Progressives, who have a mania for standardization and uniformity, are driven mad by the variety of economic experience in a complex, dynamic, affluent country such as ours. Partly this is because they are captives to a modern-day version of Taylorism, believing that they can artificially impose rational, efficient planning on spontaneous orders. But it is partly aesthetic, too, thus their passion for such failed institutions as factory-style public schools and the U.S. Postal Service. They believe that a democratic society requires that we all stand in line together, sharing the same experience. Never mind that standing in line is the characteristic activity of anti-democratic societies from the old Soviet Union to modern-day Venezuela, textbook examples of the fact that socialism always looks like socialism, even if you pin “democratic” onto the front of it.

Progressives offer, as an article of faith, that “diversity” is a good in and of itself. But they abhor any kind of diversity that is more meaningful than barbacoa vs. moo goo gai pan. Diversity of thought and, particularly, diversity of experience are in their mind offensive and undemocratic, at least to the extent that they include and encourage thoughts and experiences that progressives do not wish people to have.

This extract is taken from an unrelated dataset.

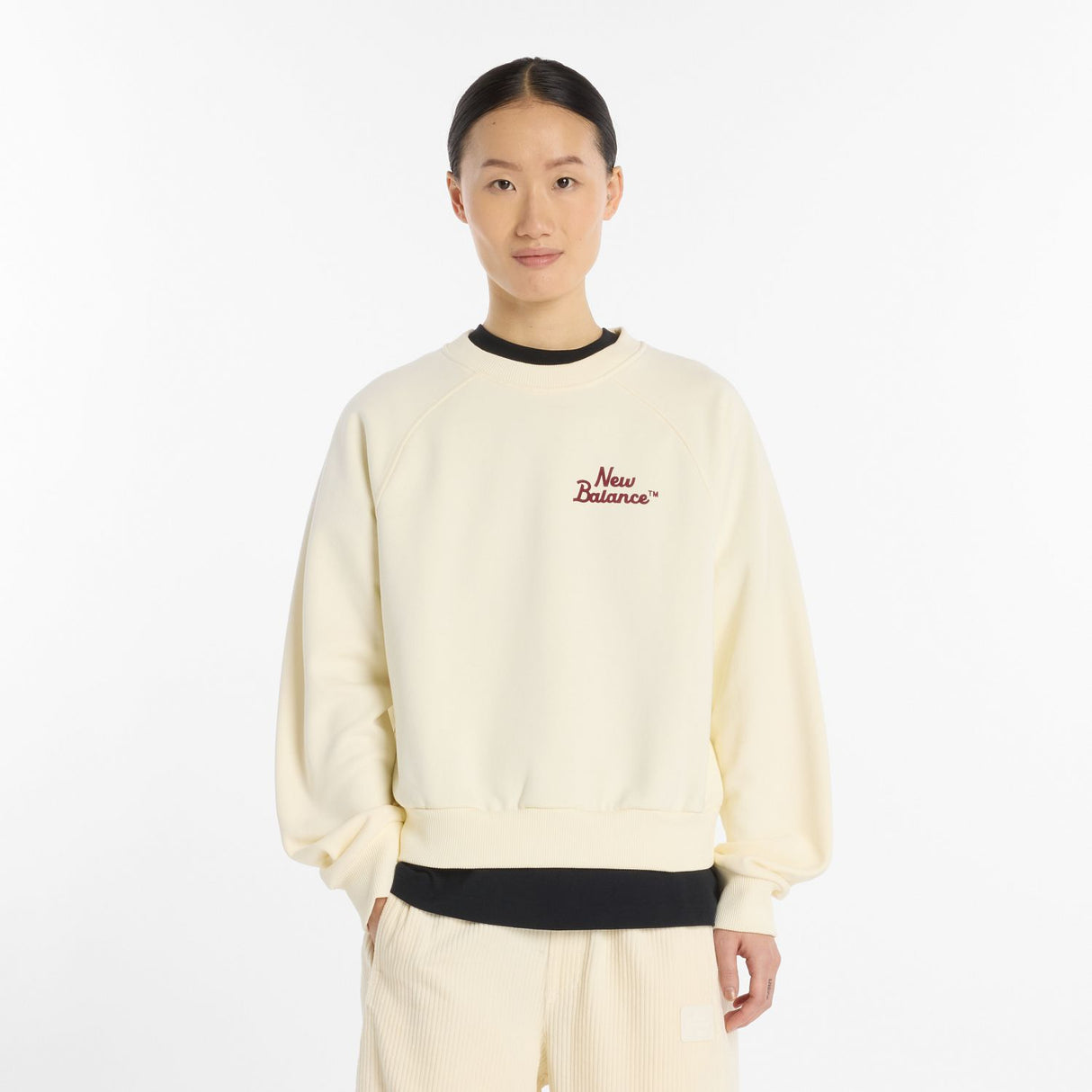 New Balance Women's LNY Sweatshirt Western Fit-2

There is real value in shared experience. There is also value in real diversity. Balancing those two is beyond the abilities of any of our would-be rulers and any of the blue-ribbon committees they imagine. In this case, if not in the case of the produce aisle, “organic” really is a synonym for “healthy.” Economic disparities are part of the real, organic diversity of human experience. Some of us see displays of wealth that seem to us incomprehensible or even absurd and ask: “What do they do?” The subtext there is: “And how do I do that, or something like it?”

For the Left, the subtext is: “And how do I stop them?”

One of those approaches produces California, Texas, New York, Montana, Florida. The other produces Cuba, North Korea, and Venezuela, where the shared common experiences are, respectively, being driven to the high seas in order to escape desperation and oppression, being driven to opportunistic cannibalism, and wondering what in hell happened to all the toilet paper. What do they do? Wish they were somewhere else, mainly.